Let me be honest, I've been wanting to post something, anything in this little space since the day after the last post. The thing is, nothing interesting enough and blog-able is there to write about. Maybe I'm sick of myself going blahblahblah in all directions, showering everything with salt like a sumo wrestler that never stops preparing before one match, apprehensive, too hesitant to move on with the fight. It's my fifth day in the office and I've been blogging mostly (not here but for the company). I feel like I'm on some kind of mental-psychiatric meds (ruff help!), sedated and abnormally sober. Last night, I found it hard to sleep, then I woke up and saw a hazy silhouette by the closet (maybe it was just my imagination). On any other day I wouldn't know how to deal with that but I was just too exhausted to panic, so I just closed my eyes and tried sleeping again. Moments later, I wake up again, with the sweats. That felt a bit a strange because I was alone in my room, the air-conditioning was in a full blast high cool. Too exhausted to think about it more either. Chai calls me and informs me she just turned 22.

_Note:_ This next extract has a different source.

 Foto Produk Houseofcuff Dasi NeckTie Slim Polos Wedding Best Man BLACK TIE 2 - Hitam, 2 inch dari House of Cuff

I go back to sleep with the lights on, Chai's call sort of woke me up from my lethargic state. I try sleeping again. I had particularly odd dreams, there was one were I was with a maid at Ayala; she wanted to try on this large and heavy beaded necklace. I say 'by all means', she picks it up and we both realize the necklace is broken, she tries it on anyway. I say 'it's too big, let's find something smaller.' Then suddenly I found myself trying on this jacket-cloak hybrid from artwork. It was supposed to be for a girl's but I was seriously thinking of buying it. Dream fades.
Anyway, here's my point. What sort of phase is this? When everything seems just FINE, a flat and full normalcy. I am used to extremes, but this mid-ground state is bothering me. I ride a jeepney or a cab and I look out the windows and think mild, uninteresting thoughts.
I looked up what I wrote exactly three years ago from today, to see if I could get something out of it. It was a poem I wrote after breaking up with James. I was so primal back then but lacked a lot of wisdom and backbone. Now, I'm...still me I guess..with some add-ons and trims (duh), but just insanely too AWARE of things. Here's a picture from my job-on-the-side of writing about art.
Utterly disturbing but only because it teases me like a mirror. Super Perfundo everyone.